• **EXERCISE OBJECTIVE**
Would you please print the data a second time, exactly as it stands?

== SUPPLIED INFORMATION ==

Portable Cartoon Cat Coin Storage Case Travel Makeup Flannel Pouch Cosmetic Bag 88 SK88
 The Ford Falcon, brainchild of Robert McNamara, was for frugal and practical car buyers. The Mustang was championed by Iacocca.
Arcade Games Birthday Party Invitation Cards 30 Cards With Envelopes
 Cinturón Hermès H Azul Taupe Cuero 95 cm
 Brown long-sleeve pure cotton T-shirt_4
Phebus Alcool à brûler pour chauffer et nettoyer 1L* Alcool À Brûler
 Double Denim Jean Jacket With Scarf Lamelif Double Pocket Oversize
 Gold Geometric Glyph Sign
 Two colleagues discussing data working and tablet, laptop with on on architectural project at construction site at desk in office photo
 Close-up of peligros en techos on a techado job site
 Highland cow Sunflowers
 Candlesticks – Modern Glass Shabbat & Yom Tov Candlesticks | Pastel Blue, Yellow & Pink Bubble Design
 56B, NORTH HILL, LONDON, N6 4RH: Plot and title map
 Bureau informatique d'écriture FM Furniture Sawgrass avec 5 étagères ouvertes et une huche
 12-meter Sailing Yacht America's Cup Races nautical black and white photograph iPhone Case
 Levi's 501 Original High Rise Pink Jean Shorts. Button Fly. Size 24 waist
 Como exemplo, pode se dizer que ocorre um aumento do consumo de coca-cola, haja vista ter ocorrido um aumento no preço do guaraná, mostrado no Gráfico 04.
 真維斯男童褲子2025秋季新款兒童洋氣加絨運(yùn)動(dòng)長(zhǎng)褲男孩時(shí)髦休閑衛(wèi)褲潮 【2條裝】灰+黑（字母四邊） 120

===

• **EXERCISE SOLUTION**
Portable Cartoon Cat Coin Storage Case Travel Makeup Flannel Pouch Cosmetic Bag 88 SK88
 The Ford Falcon, brainchild of Robert McNamara, was for frugal and practical car buyers. The Mustang was championed by Iacocca.
Arcade Games Birthday Party Invitation Cards 30 Cards With Envelopes
 Cinturón Hermès H Azul Taupe Cuero 95 cm
 Brown long-sleeve pure cotton T-shirt_4
Phebus Alcool à brûler pour chauffer et nettoyer 1L* Alcool À Brûler
 Double Denim Jean Jacket With Scarf Lamelif Double Pocket Oversize
 Gold Geometric Glyph Sign
 Two colleagues discussing data working and tablet, laptop with on on architectural project at construction site at desk in office photo
 Close-up of peligros en techos on a techado job site
 Highland cow Sunflowers
 Candlesticks – Modern Glass Shabbat & Yom Tov Candlesticks | Pastel Blue, Yellow & Pink Bubble Design
 56B, NORTH HILL, LONDON, N6 4RH: Plot and title map
 Bureau informatique d'écriture FM Furniture Sawgrass avec 5 étagères ouvertes et une huche
 12-meter Sailing Yacht America's Cup Races nautical black and white photograph iPhone Case
 Levi's 501 Original High Rise Pink Jean Shorts. Button Fly. Size 24 waist
 Como exemplo, pode se dizer que ocorre um aumento do consumo de coca-cola, haja vista ter ocorrido um aumento no preço do guaraná, mostrado no Gráfico 04.
 真維斯男童褲子2025秋季新款兒童洋氣加絨運(yùn)動(dòng)長(zhǎng)褲男孩時(shí)髦休閑衛(wèi)褲潮 【2條裝】灰+黑（字母四邊） 120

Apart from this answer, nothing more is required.